The result should be an exact copy of the entries below, free of pictures.

Image-caption web data>
------

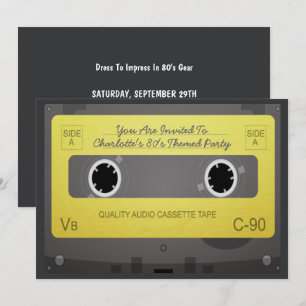 80-talets Stil Retro Music Tape Party Inbjudningar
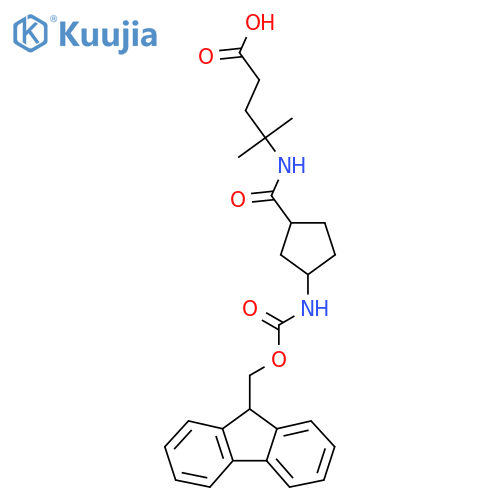 4-{3-({(9H-fluoren-9-yl)methoxycarbonyl}amino)cyclopentylformamido}-4-methylpentanoic acid structure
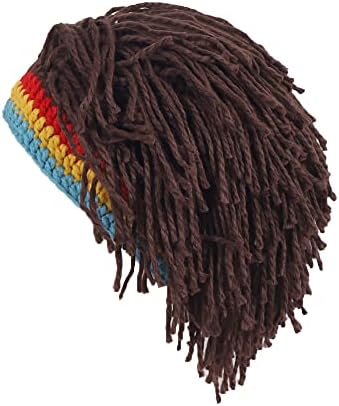 Men Knit Hat with Hair Boys Funny Handmade Knitting Winter Hat Beanie Rasta Hat with Dreadlocks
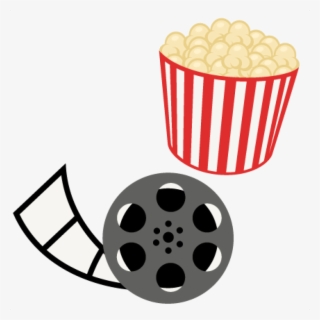 Popcorn Movie Reel Movie Night Svg Scrapbook Cut File - Movie Clipart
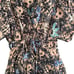 Ulla Johnson Brown and Blue Ruched Puff Sleeve Mini Dress SZ XS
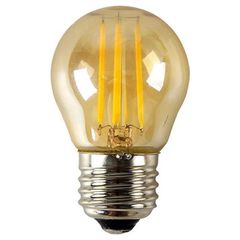 Λάμπα Led Filament E27 σφαιρική AMBER 6W 230V AC θερμό φως 2700k 540lm 30000h ντιμαριζόμενη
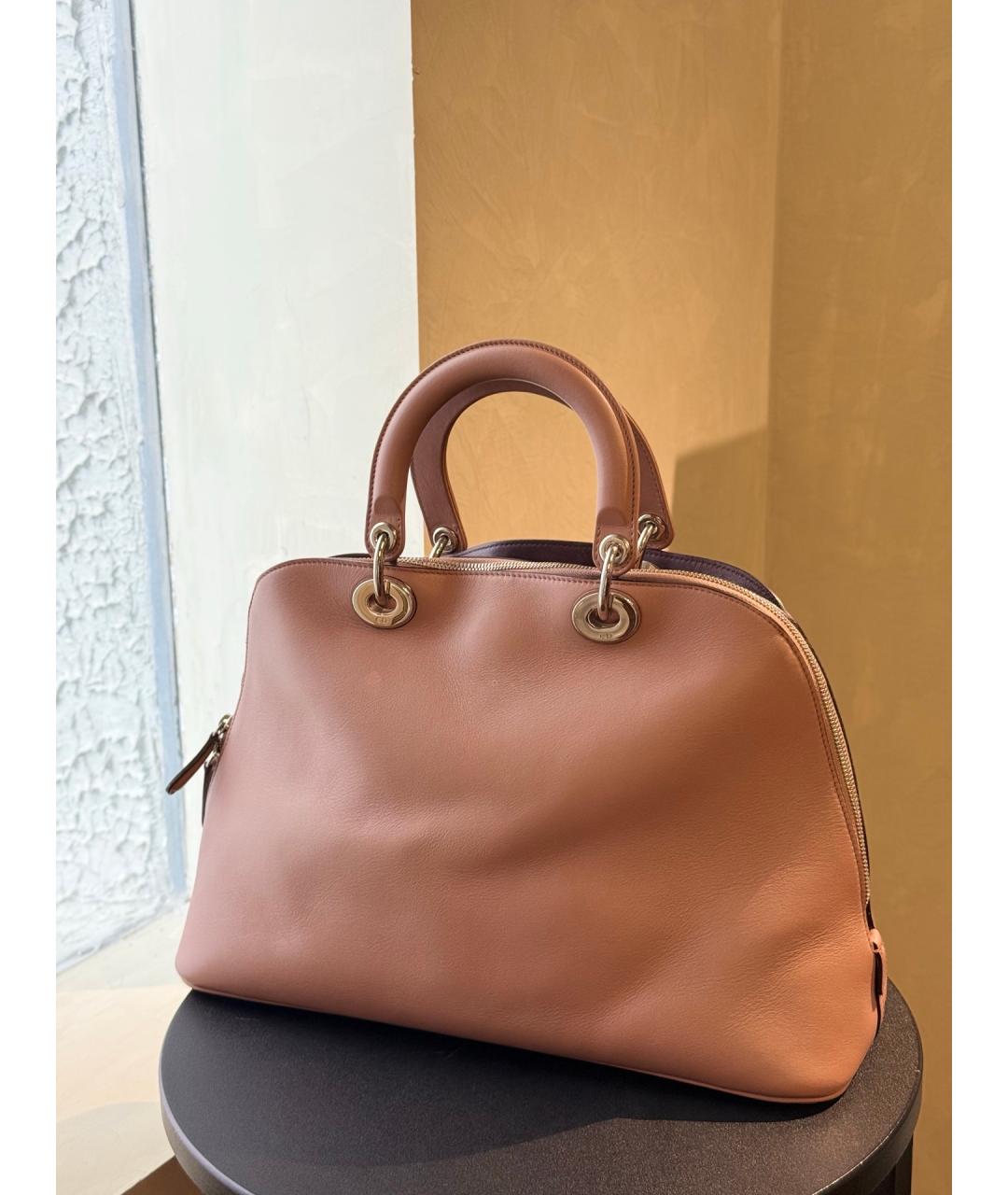 CHRISTIAN DIOR Розовая кожаная сумка с короткими ручками, фото 4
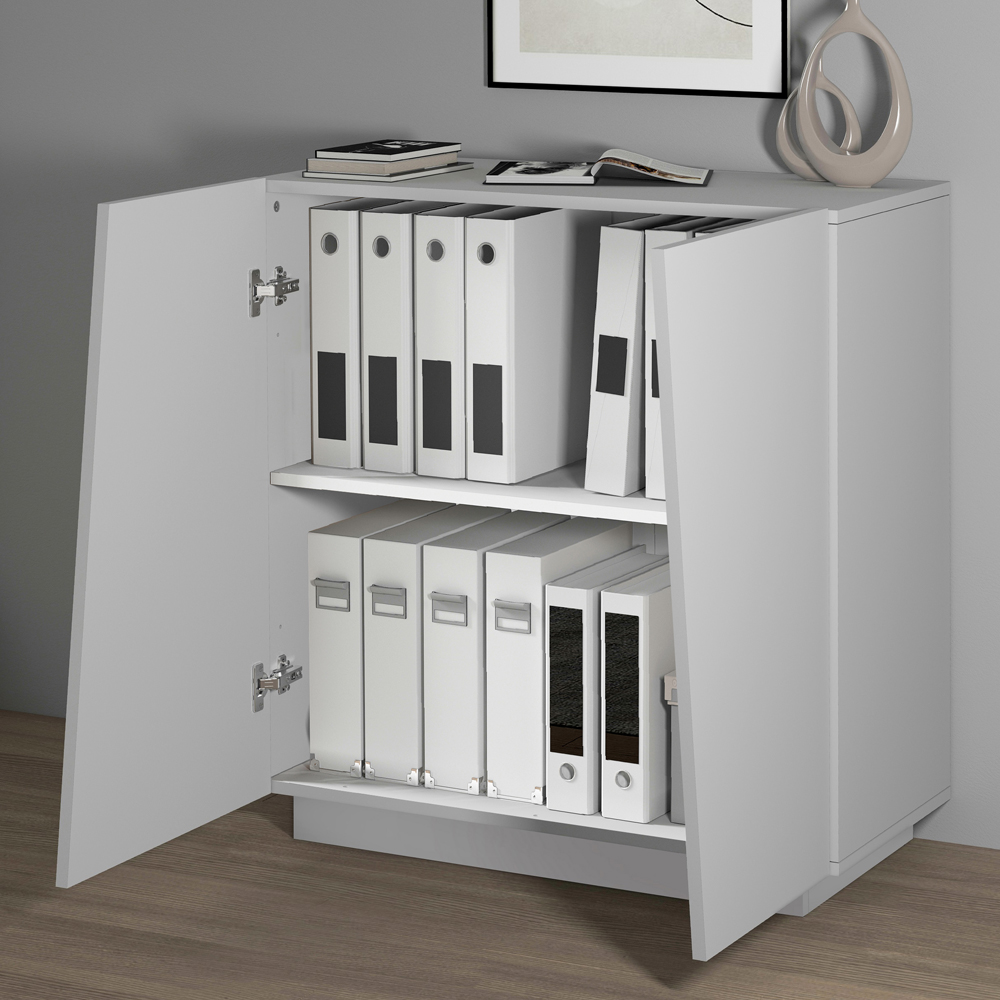 Elizabethton Wooden Office Storage Cabinet With 2 Cross Doors In White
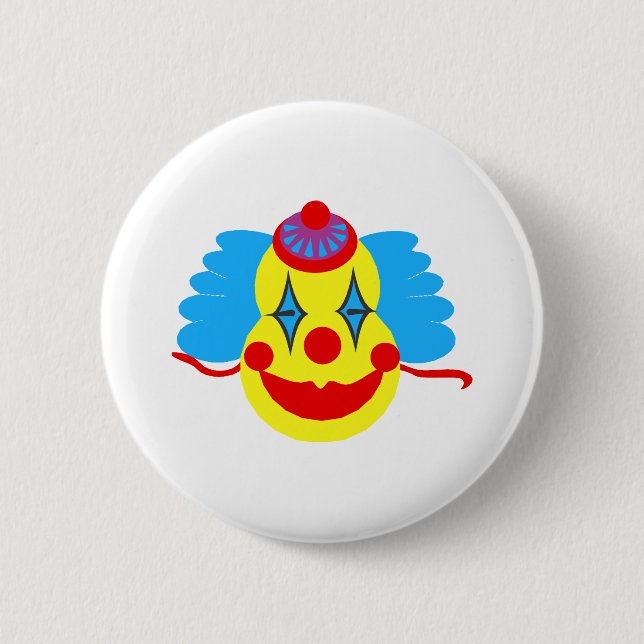 Chapa Redonda De 5 Cm Cara del payaso torpe (Anverso)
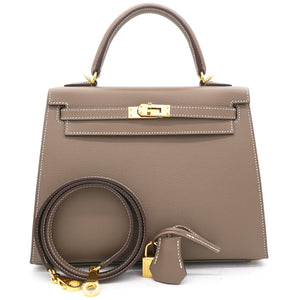 Etoupe Epsom Leather Gold Hardware Kelly 25 Bag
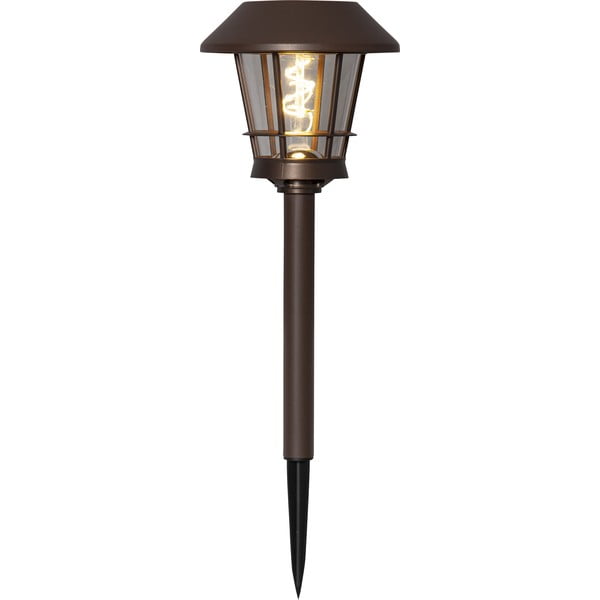 Hnědé venkovní solární LED svítidlo Star Trading Fergus, výška 35 cm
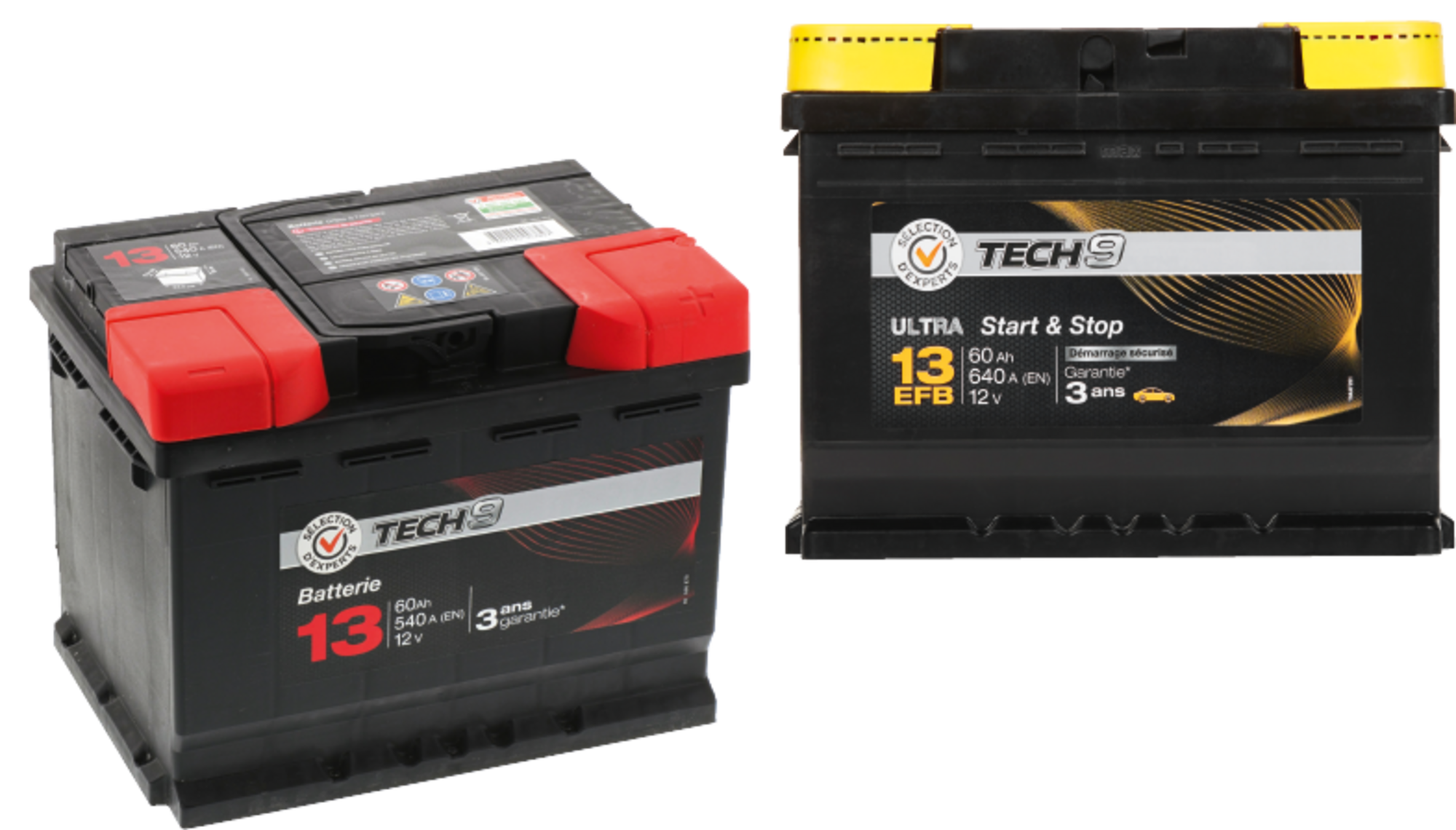 SUR LES PRODUITS PRÉSENTS EN MAGASIN DE LA GAMME DE BATTERIES AUTO "TECH9''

------

Output of the exercise>
 80-talets Stil Retro Music Tape Party Inbjudningar
 4-{3-({(9H-fluoren-9-yl)methoxycarbonyl}amino)cyclopentylformamido}-4-methylpentanoic acid structure
 Men Knit Hat with Hair Boys Funny Handmade Knitting Winter Hat Beanie Rasta Hat with Dreadlocks
 Popcorn Movie Reel Movie Night Svg Scrapbook Cut File - Movie Clipart
 Ulla Johnson Brown and Blue Ruched Puff Sleeve Mini Dress SZ XS
 Λάμπα Led Filament E27 σφαιρική AMBER 6W 230V AC θερμό φως 2700k 540lm 30000h ντιμαριζόμενη
 CHRISTIAN DIOR Розовая кожаная сумка с короткими ручками, фото 4
 Elizabethton Wooden Office Storage Cabinet With 2 Cross Doors In White
 Chapa Redonda De 5 Cm Cara del payaso torpe (Anverso)
 Etoupe Epsom Leather Gold Hardware Kelly 25 Bag
 Hnědé venkovní solární LED svítidlo Star Trading Fergus, výška 35 cm
 SUR LES PRODUITS PRÉSENTS EN MAGASIN DE LA GAMME DE BATTERIES AUTO "TECH9''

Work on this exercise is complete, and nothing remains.